L’événement peut alors devenir la capacité du mot à circuler, à travers sa fréquence et ses
sites d’apparition, comme dans cette chronique de M (31.12.2007):
Subprimes Le mot «subprime» est employé dans nos colonnes pour la première fois au mois de février,
lorsqu'un petit établissement de crédit hypothécaire américain, Res Mae Mortgage, fait faillite. A partir
d'août, quand la crise immobilière dégénère en crise bancaire et monétaire mondiale, il fait la «une» de
tous les médias. Il ne l'a plus quittée depuis, mot-clé de l'action des banques centrales, de la chute des
marchés boursiers ou de la démission de patrons de prestigieuses banques américaines. Et tout laisse à
penser qu'il y trouvera encore une large place en 2008...
Il est à noter que M et L ne traitent pas les mêmes mots (cf. tableau 2): est-ce là une
manière de se démarquer du principal concurrent en l’ignorant? En revanche, le changement
de signature dans un même média n’entraîne pas de modifications de traitement.

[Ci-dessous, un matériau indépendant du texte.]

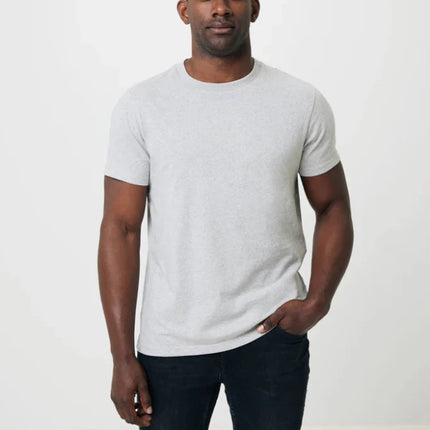 Manue recycled cotton t-shirt undyed - hospitality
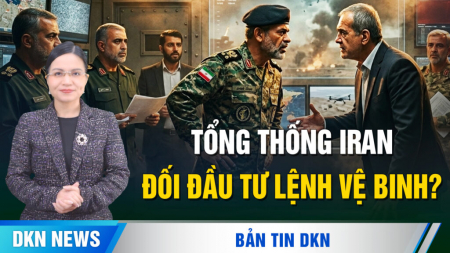 Ngũ Giác Đài lên kế hoạch đổ bộ; Nội bộ rạn nứt, Tổng thống Iran đối đầu Tư lệnh vệ binh?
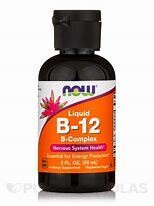 NOW VitaminB-12 Complex 2fl.oz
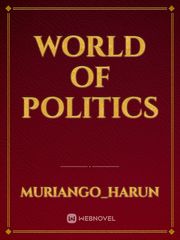 World Of Politics Book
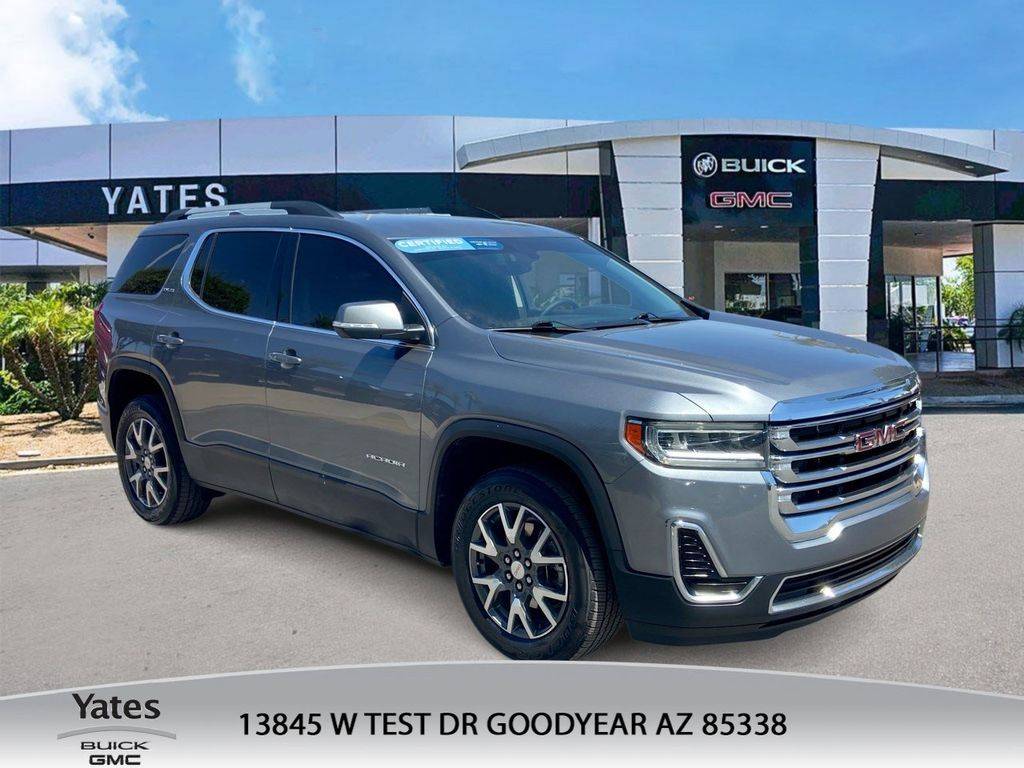 2021 GMC Acadia SLE — SUV — 66,952 mi — Goodyear, AZ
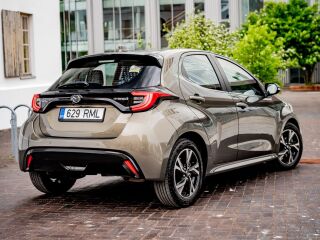 Mazda 2 Hybrid Homura 1.5 68kW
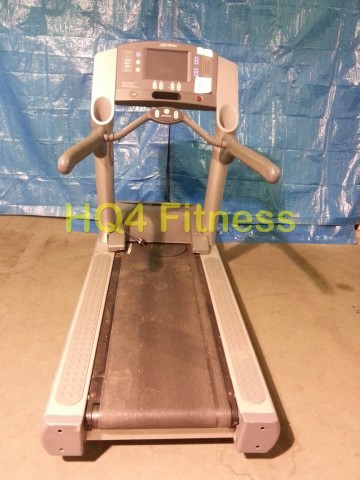 Használt | Felújított | ÚJ | Life Fitness 95TE futópad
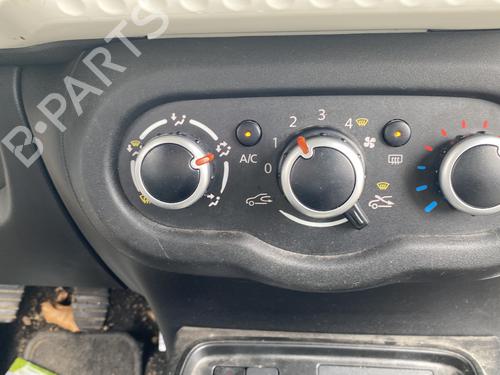 Used Climate control Climate control RENAULT TWINGO III (BCM_, BCA_) 1.0 SCe 65 (BCMJ) (65 hp) 33114967 33114967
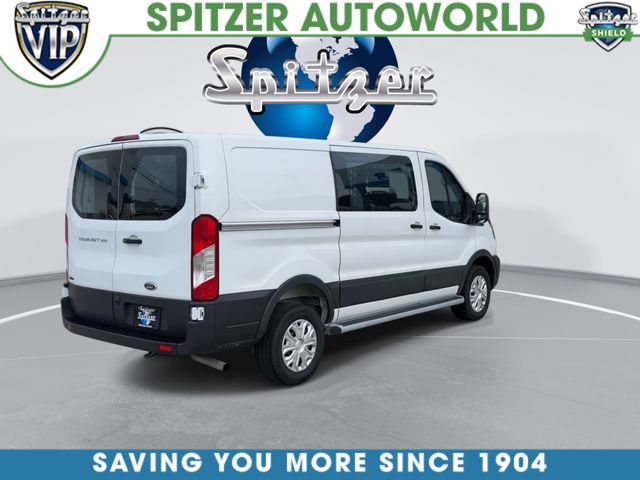 Used 2025 Ford Transit 250 Low Roof w/ Exterior Upgrade Package RWD image 9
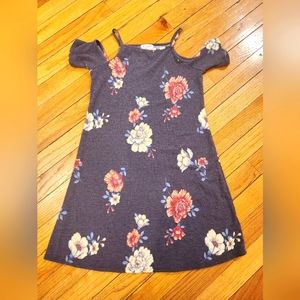 Love fire girls dress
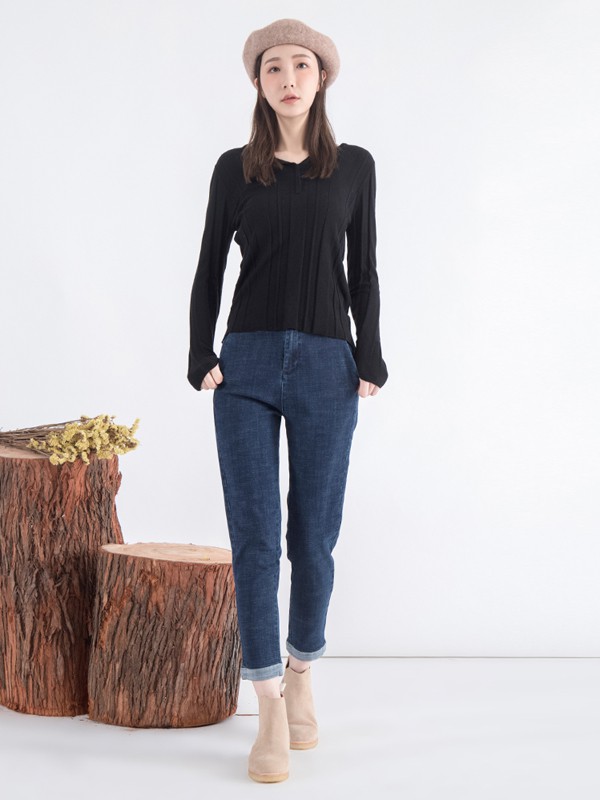 拾卡2019秋冬装女装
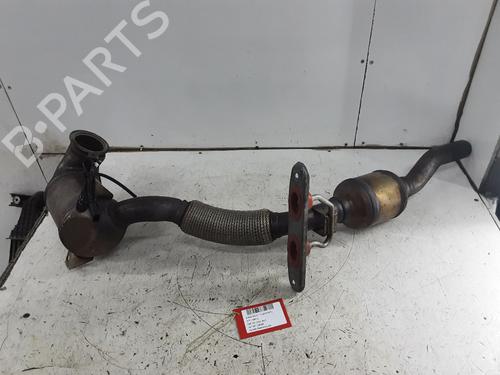 Partikelfilter für VW GOLF VII (5G1, BQ1, BE1, BE2) 1.0 TSI (115 hp) 33007624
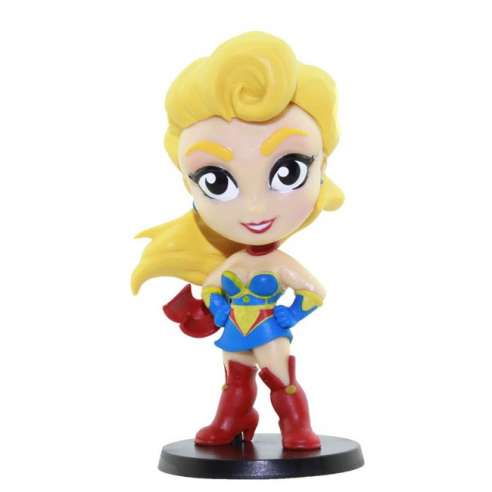 Figura Lil DC Comics Bombshells Supergirl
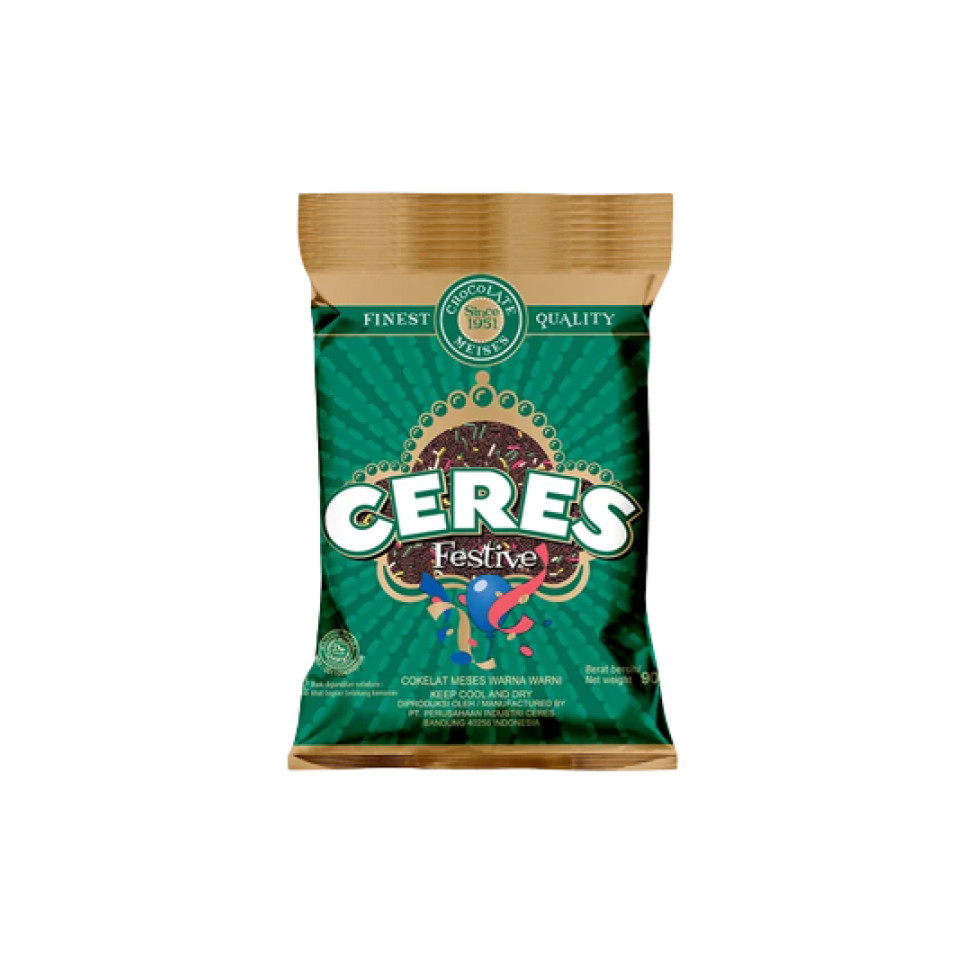 Ceres Meses Festive 80 gr
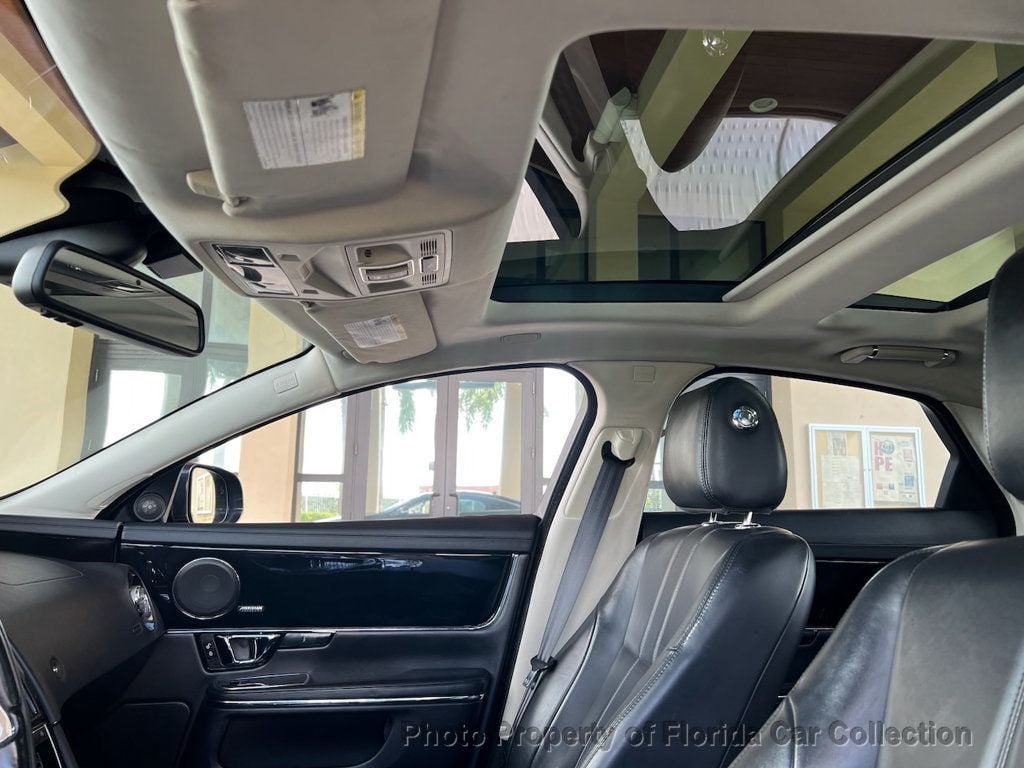 2014 Jaguar XJ Supercharged photo 60
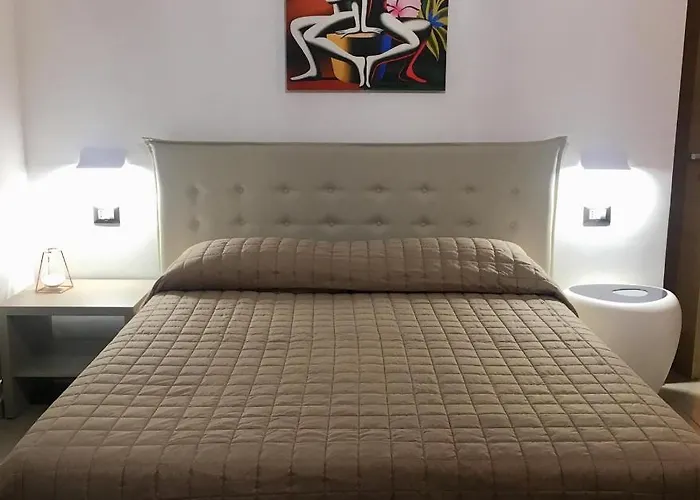 Bed and Breakfast Mon Reve Camposano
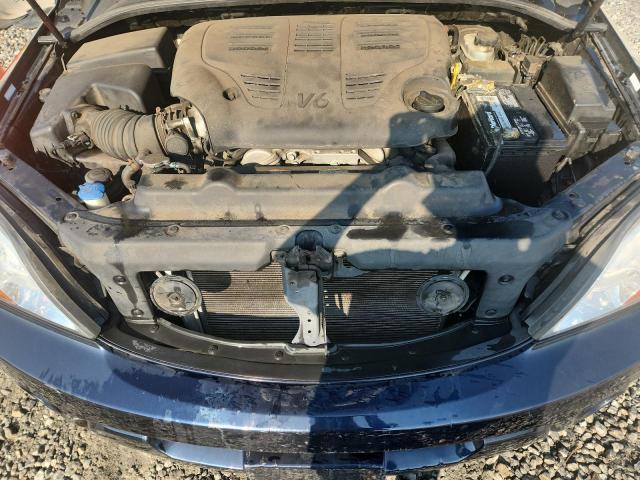 Photo 11 from auction – 2008 KIA SORENTO EX with VIN KNDJD735185800247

Si la visée discursive qui consiste à critiquer des usages lexicaux en politique est commune
et constitue l’engagement propre à ce sous-genre de chronique, les postures adoptées et les
enjeux assurent les différences entre les chroniques. Il faut donc étudier les variations, que l’on
peut synthétiser autour des phénomènes d’ethos (Maingueneau 2002), et qui renvoient,
finalement, au métaénonciateur incarné par le support journalistique.